Sono stati predisposti un gruppo di quattro algoritmi considerati in grado di resistere all’attacco di computer quantistici.

Creati da esperti, in collaborazione con diversi Paesi e istituzioni, questi nuovi strumenti di sicurezza riguardano i due compiti principali per i quali la crittografia è tipicamente utilizzata: crittografia generale e firme digitali. Nel primo caso si ha un solo algoritmo selezionato, per ora, e sarà suo compito proteggere le informazioni scambiate su reti pubbliche.
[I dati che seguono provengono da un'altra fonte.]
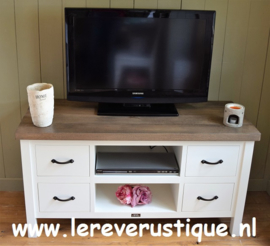 Landelijk TV-meubel 125 cm br x 50 cm diep x 65 cm hoog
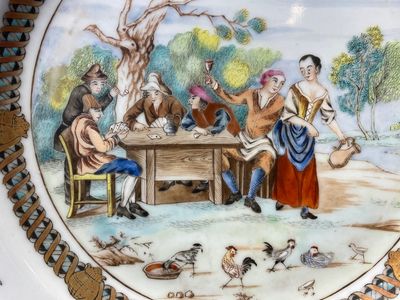 Paire d'assiettes en porcelaine de Chine famille rose à décor de paysans jouant aux cartes d'après David Teniers II, Qianlong — photo 3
Gli altri tre sono tutti mirati a verificare l’identità durante le transazioni digitali o le firme su un documento a distanza.

Questo primo gruppo di strumenti di crittografia candidati a resistere all’assalto di un futuro computer quantistico entrerà a far parte dello standard crittografico post-quantistico del NIST, che dovrebbe essere finalizzato tra circa due anni. Se ne uniranno altri: in esame ci sono quattro nuovi algoritmi, stavolta tutti per la crittografia generale e con approcci matematici ancora differenti.

Che cos’è e di che cosa si occupa il NIST

Il National Institute of Standards and Technology (NIST, in origine National Bureau of Standards [NBS]) è un’agenzia del governo degli Stati Uniti d’America che si occupa della gestione delle tecnologie. Fa parte del Dipartimento del Commercio e il suo compito è la promozione dell’economia americana attraverso la collaborazione con l’industria al fine di sviluppare standard, tecnologie e metodologie che favoriscano la produzione e il commercio.

Il suo quartier generale si trova in Maryland, Oltre ai suoi normali compiti, il NIST ha un laboratorio a Boulder, nel Colorado, in cui lavorano scienziati e ricercatori, molti dei quali fisici. Due di essi, William D. Phillips ed Eric A. Cornell, sono stati insigniti del premio Nobel per la fisica per studi e ricerche compiute nel laboratorio Boulder.